I'd leave the bike designing to the bike designers. The hole size and shape looks pretty darn deliberate to me. And as somebody else said, you may nullify your warranty by making any such modification, even if you think it makes the frame better.


----------



## wasserbox (Mar 17, 2002)

roadbike_moron said:


> What the heck happened there - was that a joke or was it real?


That's what happens when you try to ride without the wheels.


----------



## ApplemanBicycles (Nov 25, 2010)

Wowza!!! I hope the rider wasn't hurt as bad as the frame.



roadie01 said:


> If the frame is covered under warranty then what is the concern. If the hole is a problem and the frame fails you will receive a new frame. If not your riding happily along and replacing cables is not an exercise in frustration.
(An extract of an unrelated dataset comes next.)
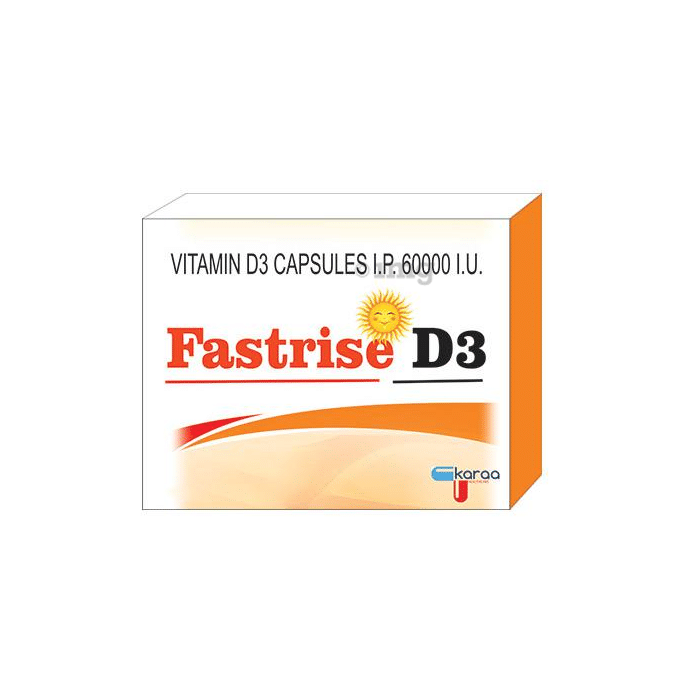 Fastrise D3 Soft Gelatin Capsule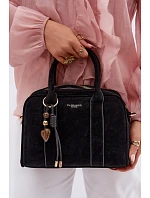 Eko semišová kabelka s přívěskem Černá model 22111552 - Flora&Co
Keep in mind that if one frame tube fails there are 3 other tubes to keep the bike from completely disintegrating.
> 
> Kind of like this!



One can't compare holes in carbon fiber frames to those of aluminum. Metal bikes distribute forces better than a hole in carbon fiber. It's EXTREMELY important that the frame manufacturer added reinforcement around the hole... otherwise the stress won't transfer around the hole!


----------



## Deus_Ex_Machina (Sep 4, 2010)

ApplemanBicycles said:


> It's EXTREMELY important that the frame manufacturer added reinforcement around the hole... otherwise the stress won't transfer around the hole!


It does not seem as if they did. If they did it is not noticeable. I am going to install an internal patch. I will have to insert a balloon to maintain adequate pressure on the carbon and resin while it cures. I will also have to apply a vacuum to the inside of the top tube during curing to remove air bubbles from the resin. I can probably do that from the cable routing hole at the front of the top tube. This should be an interesting little project. It won't add more than five grams to the frame weight, but will increase it's longevity significantly.


----------



## frdfandc (Nov 27, 2007)

I've worked on several bikes that had internal cable routing with access holes that large. 
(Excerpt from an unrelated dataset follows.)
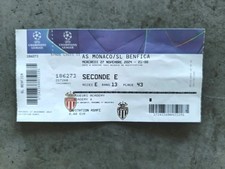  Ticket AS MONACO VS  BENFICA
I think you are trying to solve a problem that is non-existant. If your seriously concerned about durability of the frame, how about contacting the manufacturer and bringing up your concerns with them.
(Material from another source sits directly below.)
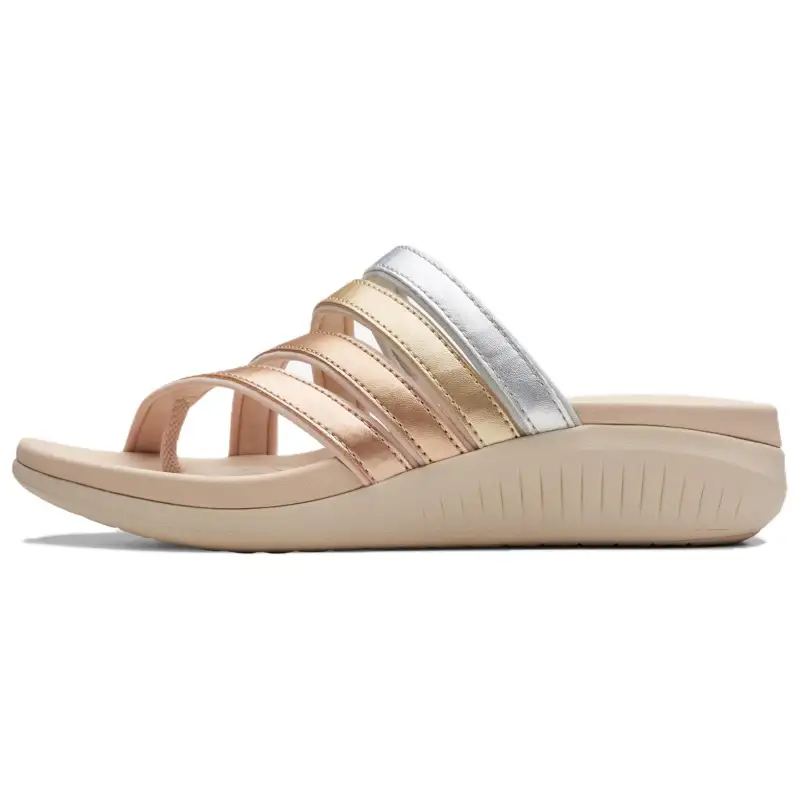 Clarks EVA Slide Slippers Women's Rose Gold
Any type of modification performed by the end user will void any warranty the manufacturer has in place.


----------



## PlatyPius (Feb 1, 2009)

Deus_Ex_Machina said:


> It does not seem as if they did. If they did it is not noticeable. I am going to install an internal patch. I will have to insert a balloon to maintain adequate pressure on the carbon and resin while it cures. I will also have to apply a vacuum to the inside of the top tube during curing to remove air bubbles from the resin. I can probably do that from the cable routing hole at the front of the top tube. This should be an interesting little project. It won't add more than five grams to the frame weight, *but will increase it's longevity significantly*.


I seriously doubt that. As I said, that's a very common hole size for internal cable routing. Not just the size, but the shape, too. I've pulled many plastic inserts out of holes exactly like that so I could put in new cables. You know how many frames I've seen break there? None. I've seen them break in many other places, but never, ever have I seen a frame break at the brake cable hole.

You are not going to add longevity to your frame. All you're going to do is void the warranty because you think you're smarter than the frame designers.

Harsh, maybe, but true.


----------



## danl1 (Jul 23, 2005)

ApplemanBicycles said:


> One can't compare holes in carbon fiber frames to those of aluminum. Metal bikes distribute forces better than a hole in carbon fiber.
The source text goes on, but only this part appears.